May 7 (Bloomberg) -- Skanska AB, the Nordic region’s biggest builder, said first-quarter net income rose as its U.S. construction business held up and residential development benefited from more sold homes.
Net income, according to the company’s segment reporting, increased to 338 million kronor ($51.8 million) from 113 million kronor a year earlier, Stockholm-based Skanska said today in a statement. Sales rose 7 percent to 28.2 billion kronor. The shares gained as much as 5.7 percent in Stockholm trading, the biggest intraday gain in three months.
Skanska saw good development in Norwegian and Finnish construction and a strong quarter in the U.S. even as the long, cold winter weighed on margins, the company said. Construction is about 90 percent of revenue and one third of Skanska’s total sales occurs in the U.S. The unit’s operating margin rose to 1.9 percent from 1.2 percent a year earlier.
“Norway and Finland continued up toward the profitability levels they should be at in the quarter,” Chief Executive Officer Johan Karlstrom said by phone. “Our American business is very solid.”

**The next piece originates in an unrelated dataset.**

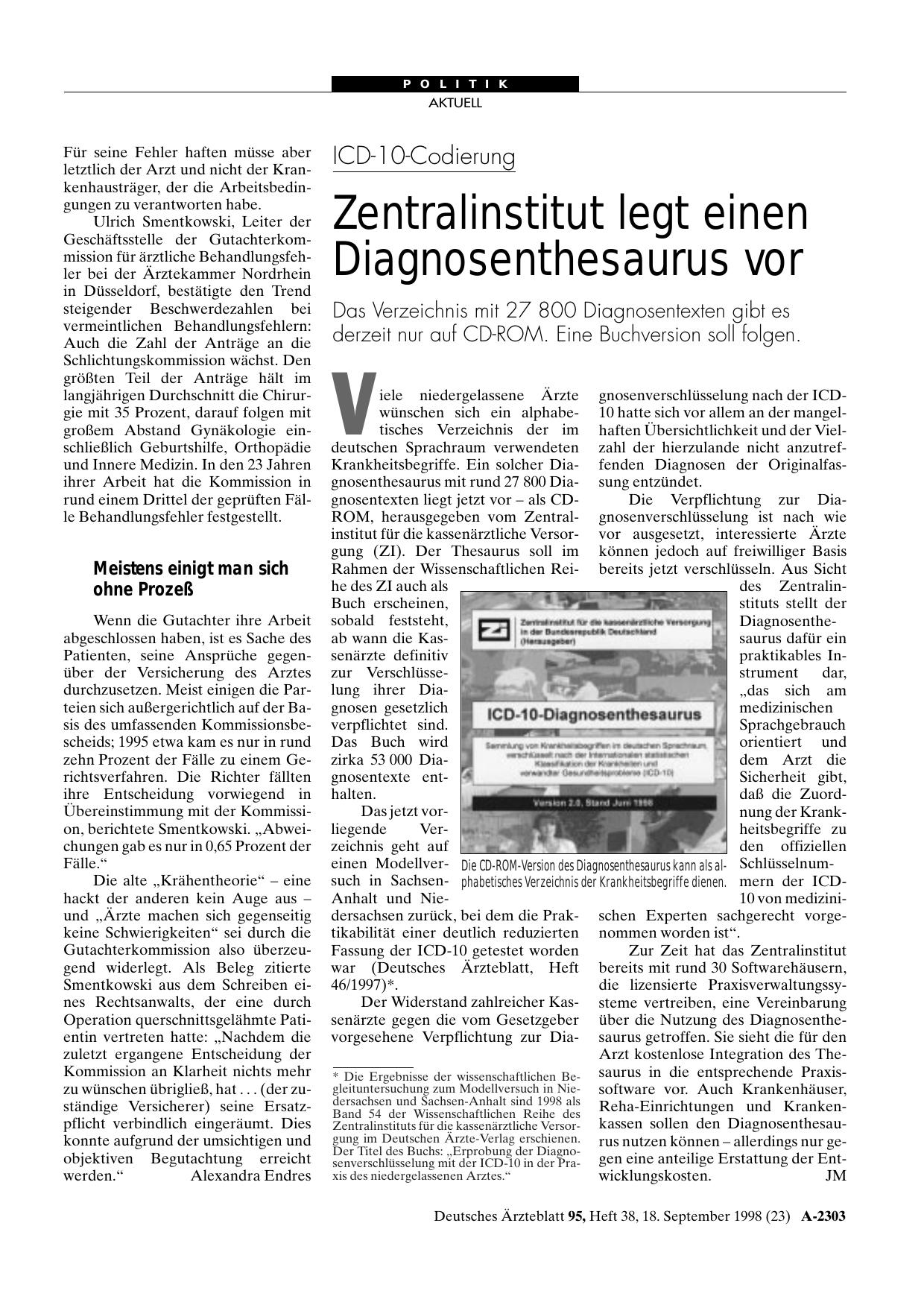 Vorschauseite 1: ICD-10-Codierung: Zentralinstitut legt einen Diagnosenthesaurus vor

Construction spending in the U.S. fell in March, the Commerce Department said May 1, reflecting the biggest slump in government projects in 11 years.
The operating-margin target for the construction unit is 3.5 percent to 4 percent on average, according to the company’s website. Sales in Residential Development rose 57 percent to 2.6 billion kronor as the number of homes sold increased. The unit “surprised positively,” Nordea Bank AB analyst Jonas Andersson said today in a note to clients.
Skanska had gained 5.6 percent to 116.1 kronor as of 12:33 p;.m. in Stockholm, giving the company a market value of 48.8 billion kronor.